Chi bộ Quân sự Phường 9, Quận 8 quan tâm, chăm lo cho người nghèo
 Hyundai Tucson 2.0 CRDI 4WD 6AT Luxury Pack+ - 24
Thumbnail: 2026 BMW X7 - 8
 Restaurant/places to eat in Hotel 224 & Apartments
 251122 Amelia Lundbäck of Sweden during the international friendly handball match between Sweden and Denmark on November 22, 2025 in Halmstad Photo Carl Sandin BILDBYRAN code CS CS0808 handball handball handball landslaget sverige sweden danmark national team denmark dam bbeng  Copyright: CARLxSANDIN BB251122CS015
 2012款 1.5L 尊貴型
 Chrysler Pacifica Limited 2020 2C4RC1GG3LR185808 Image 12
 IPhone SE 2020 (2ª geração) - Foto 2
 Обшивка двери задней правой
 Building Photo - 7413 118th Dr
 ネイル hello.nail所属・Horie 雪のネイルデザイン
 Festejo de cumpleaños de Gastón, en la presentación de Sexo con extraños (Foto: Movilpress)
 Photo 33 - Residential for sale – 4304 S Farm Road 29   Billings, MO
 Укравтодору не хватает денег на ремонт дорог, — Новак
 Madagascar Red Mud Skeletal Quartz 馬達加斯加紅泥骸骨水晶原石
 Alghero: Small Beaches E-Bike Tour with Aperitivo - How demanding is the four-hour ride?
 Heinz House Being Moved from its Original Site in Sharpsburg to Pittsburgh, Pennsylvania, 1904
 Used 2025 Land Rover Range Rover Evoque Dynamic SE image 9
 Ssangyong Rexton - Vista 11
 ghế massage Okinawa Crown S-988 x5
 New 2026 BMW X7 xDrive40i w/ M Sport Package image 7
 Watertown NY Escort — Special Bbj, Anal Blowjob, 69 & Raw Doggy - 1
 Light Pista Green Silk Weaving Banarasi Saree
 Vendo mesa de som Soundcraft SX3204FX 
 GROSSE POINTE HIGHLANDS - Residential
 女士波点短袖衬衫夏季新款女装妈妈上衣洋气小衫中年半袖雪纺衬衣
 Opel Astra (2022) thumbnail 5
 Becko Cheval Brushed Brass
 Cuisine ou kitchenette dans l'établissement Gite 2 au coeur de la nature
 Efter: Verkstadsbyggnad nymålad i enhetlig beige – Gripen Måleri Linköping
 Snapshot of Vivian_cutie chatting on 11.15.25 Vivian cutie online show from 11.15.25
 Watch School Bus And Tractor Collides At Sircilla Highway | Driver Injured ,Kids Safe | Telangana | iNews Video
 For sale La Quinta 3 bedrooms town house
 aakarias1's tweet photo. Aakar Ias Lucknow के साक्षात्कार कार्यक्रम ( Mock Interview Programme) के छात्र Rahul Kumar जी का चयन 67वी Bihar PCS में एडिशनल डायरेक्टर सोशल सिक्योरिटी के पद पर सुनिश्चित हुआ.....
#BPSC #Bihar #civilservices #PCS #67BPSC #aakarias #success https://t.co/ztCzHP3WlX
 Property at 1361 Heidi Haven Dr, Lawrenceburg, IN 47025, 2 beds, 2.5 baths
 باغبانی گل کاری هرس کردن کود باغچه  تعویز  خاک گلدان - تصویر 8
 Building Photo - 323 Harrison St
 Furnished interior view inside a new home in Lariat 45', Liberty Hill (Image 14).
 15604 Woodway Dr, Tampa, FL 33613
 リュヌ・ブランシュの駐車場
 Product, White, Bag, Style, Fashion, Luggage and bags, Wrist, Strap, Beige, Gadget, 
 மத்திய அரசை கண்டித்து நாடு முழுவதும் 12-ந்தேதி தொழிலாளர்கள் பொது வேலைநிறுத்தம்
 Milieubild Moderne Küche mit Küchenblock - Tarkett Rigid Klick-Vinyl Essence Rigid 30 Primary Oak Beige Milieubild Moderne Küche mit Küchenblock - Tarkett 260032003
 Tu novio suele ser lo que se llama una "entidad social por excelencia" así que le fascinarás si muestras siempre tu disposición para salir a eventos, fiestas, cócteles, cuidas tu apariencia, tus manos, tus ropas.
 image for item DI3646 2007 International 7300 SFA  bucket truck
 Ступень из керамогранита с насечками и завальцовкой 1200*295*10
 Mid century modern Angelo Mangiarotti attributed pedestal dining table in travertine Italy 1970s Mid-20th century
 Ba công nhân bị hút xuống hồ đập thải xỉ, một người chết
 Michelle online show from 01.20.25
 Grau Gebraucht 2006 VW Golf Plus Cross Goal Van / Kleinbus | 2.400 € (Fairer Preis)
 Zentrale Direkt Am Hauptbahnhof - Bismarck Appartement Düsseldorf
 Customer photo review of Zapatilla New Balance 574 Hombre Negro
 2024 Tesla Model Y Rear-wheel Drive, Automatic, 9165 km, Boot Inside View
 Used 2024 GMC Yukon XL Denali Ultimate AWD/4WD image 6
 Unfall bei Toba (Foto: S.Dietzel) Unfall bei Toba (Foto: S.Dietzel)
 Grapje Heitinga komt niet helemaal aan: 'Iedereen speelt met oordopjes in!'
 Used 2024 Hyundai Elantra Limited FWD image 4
━━━━━━
#### [What you need to do]
Among the records above, extract exactly the lines from the line with "Building Photo - 7413 118th Dr" to the line with "Efter: Verkstadsbyggnad nymålad", both lines included, and leave out the rest.

#### [Worked solution]
 Building Photo - 7413 118th Dr
 ネイル hello.nail所属・Horie 雪のネイルデザイン
 Festejo de cumpleaños de Gastón, en la presentación de Sexo con extraños (Foto: Movilpress)
 Photo 33 - Residential for sale – 4304 S Farm Road 29   Billings, MO
 Укравтодору не хватает денег на ремонт дорог, — Новак
 Madagascar Red Mud Skeletal Quartz 馬達加斯加紅泥骸骨水晶原石
 Alghero: Small Beaches E-Bike Tour with Aperitivo - How demanding is the four-hour ride?
 Heinz House Being Moved from its Original Site in Sharpsburg to Pittsburgh, Pennsylvania, 1904
 Used 2025 Land Rover Range Rover Evoque Dynamic SE image 9
 Ssangyong Rexton - Vista 11
 ghế massage Okinawa Crown S-988 x5
 New 2026 BMW X7 xDrive40i w/ M Sport Package image 7
 Watertown NY Escort — Special Bbj, Anal Blowjob, 69 & Raw Doggy - 1
 Light Pista Green Silk Weaving Banarasi Saree
 Vendo mesa de som Soundcraft SX3204FX 
 GROSSE POINTE HIGHLANDS - Residential
 女士波点短袖衬衫夏季新款女装妈妈上衣洋气小衫中年半袖雪纺衬衣
 Opel Astra (2022) thumbnail 5
 Becko Cheval Brushed Brass
 Cuisine ou kitchenette dans l'établissement Gite 2 au coeur de la nature
 Efter: Verkstadsbyggnad nymålad i enhetlig beige – Gripen Måleri Linköping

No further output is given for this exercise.